Kids here in the U.S. are beginning to speak with an Australian twang after watching Bluey, a TV series that follows a cartoon family of blue heelers. The show has boomed in popularity here over the last year, streaming on the Disney Channel, Disney Junior, and Disney+.
When you realise nothing will stop your kiddos from playing sports indoors 🗻🎒#bluey pic.twitter.com/6UctMJxF8Z
— Official Bluey TV (@OfficialBlueyTV) July 7, 2021
The animated series has been a huge success all over the world since it came out in September 2019. The New York Times even claimed the show is Australia's "biggest export since The Wiggles."
As a result, kids have developed a unique accent, which has left a few parents a little confused...

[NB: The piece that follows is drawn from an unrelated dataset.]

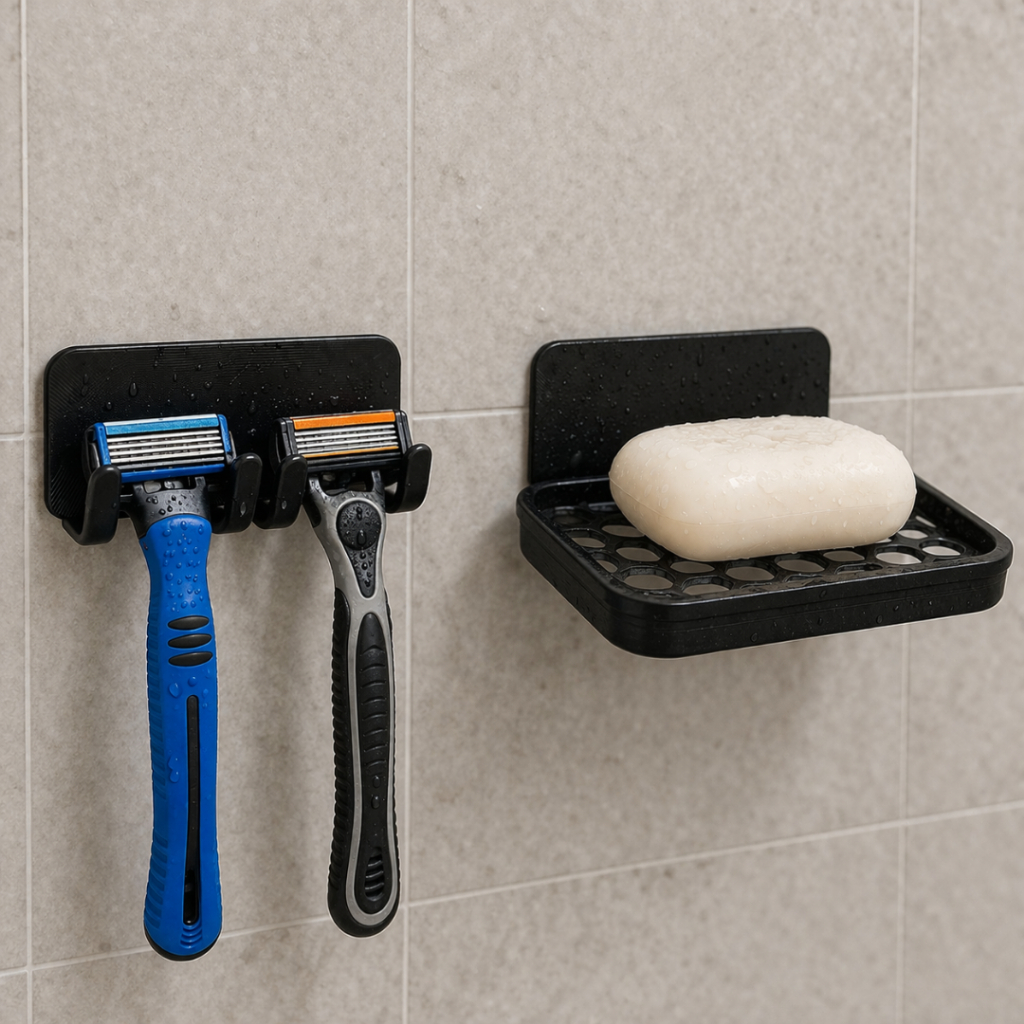 Saboneteira + Suporte Gilete com Drenagem para Banheiro- Impressão 3D- Kit Banheiro - Organizado Casa moderna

Jason Manganella, a Massachusetts-based dad, told ABC that his 4-year-old daughter has picked up phrases and words, such as "dunny" and "brekky" after watching the show.
He said they started watching the show during the lockdown and they all quickly became obsessed with it: "We ended up watching it a lot. The kids quickly became huge fans of the show. There's no question when you watch the show, it doesn't feel like an American show.
"It really feels like an Australian show, but even when slang is used, it's used in a way that everyone can understand. I've also heard from some other parents that their kids are shifting in and out of Australian accents," he added.
"The kids [in the show] are great role models for our children, but when we watch the parents on Bluey, it inspires us to be better parents."
This past year has clearly had an impact on impressionable young minds, and it's not just Bluey causing American kids to develop different accents...
All those kids binge-watching Peppa Pig are also developing a British twang.
The so-called "Peppa Effect" has already led kids to mimic the characters and all that extra TV time during lockdown appears to be making it more widespread.
It's led some children to use British phrases such as "telly" and "ready, steady, go."
Speaking to the Wall Street Journal, some parents revealed that their kids were caught saying things like "Father Christmas" rather than "Santa Claus," as well as U.K expressions such as "give it a go."
Lauren Ouellette is one mom who noticed a change in her 6-year old's speech. She told the Journal that her daughter has started referring to the bathroom as a "water closet," which would even baffle some brits today.
While Matias Cavallin told the site that his daughter Dani, 5, had begun saying phrases like "mummy, are you going to the optician?"
Maybe it's time to restrict their screen time?